Why Do Bees (and the Environment) Love Spider Venom?
Nov 26 2014
Though they may seemingly play a small part in our lives, bees are actually an important part of our ecosystem. Their ability to cross-pollinate plant life is invaluable to the ongoing survival of nature as we know it - indeed, 90% of the world’s plants are dependent on pollinators to thrive. Without them, we would struggle to have any crops at all – meaning our food supply would very rapidly dry up.
Because of their importance, it is essential that the pesticides we use on those crops don’t damage bee populations. In fact, there are organisations which exist solely to ensure that our fragile ecosystem is not damaged by our own eagerness to advance scientific techniques of farming, as is elucidated in the article: Continuous Focus on Sample Management. As such, much research has been put into trying to find viable alternatives to pesticides which might threaten pollinators’ existence.
A Couple of Solutions
Last June, a team of researchers from Swansea, Wales, investigated the possibility of using fungal extracts as a natural pesticide for bees. They did so by testing the extract on a strain of moth which is a pest in bee hives and found that the results were encouraging. To read more about that development, read this article: Good News for Bees as Fungus Could Be a Viable Pesticide.
Now, a research team based in Newcastle has pursued the idea of using spider venom to fight bees’ enemies. Though it might seem like a contradiction in terms to use venom to help save bees, tests show that a mixture of the venom from the Australian funnel web spider and lectin from the flowers of snowdrops have no serious or lasting damage on bees’ cognitive functions, but are fatal to pests.
The studies were carried out by exposing the bees to far greater quantities of the concoction than they would ever likely face in the wild, then measuring their ability to remember. Their foraging patterns require they have robust memories and are able to identify distinguishing floral characteristics - failure to do so affects their pollination abilities on an alarming scale.
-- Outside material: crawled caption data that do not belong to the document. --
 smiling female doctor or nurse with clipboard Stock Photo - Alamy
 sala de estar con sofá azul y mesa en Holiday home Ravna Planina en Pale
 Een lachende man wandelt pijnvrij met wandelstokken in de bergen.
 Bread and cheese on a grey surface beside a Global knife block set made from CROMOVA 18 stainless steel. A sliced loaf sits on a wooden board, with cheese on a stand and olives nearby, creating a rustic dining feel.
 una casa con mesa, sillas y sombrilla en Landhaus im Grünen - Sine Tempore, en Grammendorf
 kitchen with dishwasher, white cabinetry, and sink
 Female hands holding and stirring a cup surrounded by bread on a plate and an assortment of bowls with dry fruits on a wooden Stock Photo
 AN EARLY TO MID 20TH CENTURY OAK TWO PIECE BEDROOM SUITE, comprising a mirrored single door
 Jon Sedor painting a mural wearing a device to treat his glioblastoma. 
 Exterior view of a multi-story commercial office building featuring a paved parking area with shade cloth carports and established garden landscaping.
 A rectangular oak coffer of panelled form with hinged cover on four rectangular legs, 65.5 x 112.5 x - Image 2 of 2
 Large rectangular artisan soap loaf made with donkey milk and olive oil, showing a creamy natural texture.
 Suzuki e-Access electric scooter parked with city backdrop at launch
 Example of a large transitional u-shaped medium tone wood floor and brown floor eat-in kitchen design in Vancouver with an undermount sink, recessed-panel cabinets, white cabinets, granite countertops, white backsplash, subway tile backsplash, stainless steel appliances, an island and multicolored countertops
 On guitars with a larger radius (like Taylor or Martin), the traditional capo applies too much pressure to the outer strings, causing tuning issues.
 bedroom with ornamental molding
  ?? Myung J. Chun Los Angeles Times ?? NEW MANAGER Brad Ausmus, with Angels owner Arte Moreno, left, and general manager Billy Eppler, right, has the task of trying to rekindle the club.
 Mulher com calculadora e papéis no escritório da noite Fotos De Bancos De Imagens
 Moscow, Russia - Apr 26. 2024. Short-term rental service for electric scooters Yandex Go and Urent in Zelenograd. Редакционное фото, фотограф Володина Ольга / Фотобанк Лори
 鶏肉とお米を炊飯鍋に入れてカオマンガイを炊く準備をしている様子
Fortunately, the tests revealed that the mixture only slighted affected their survival abilities and didn’t affect their memory or cognitive functions at all.
Good News All Round
The mixture had previously been tested on larger animals with no adverse effects, meaning that it has real potential as a viable solution to the problem of pesticides concerning bee hives. This will allow our furry black and yellow friends to continue about their daily cross-pollinating business, free from danger of pests, and allow our wider ecosystem to flourish.
Of course, the spider-flower concoction is not a cure-all. Rather, it will form part of a greater plan to tackle safe pesticide control, perhaps working alongside fungal implementation.
However, the early signs are encouraging. Perhaps we can all grow to love spider venom a little bit more.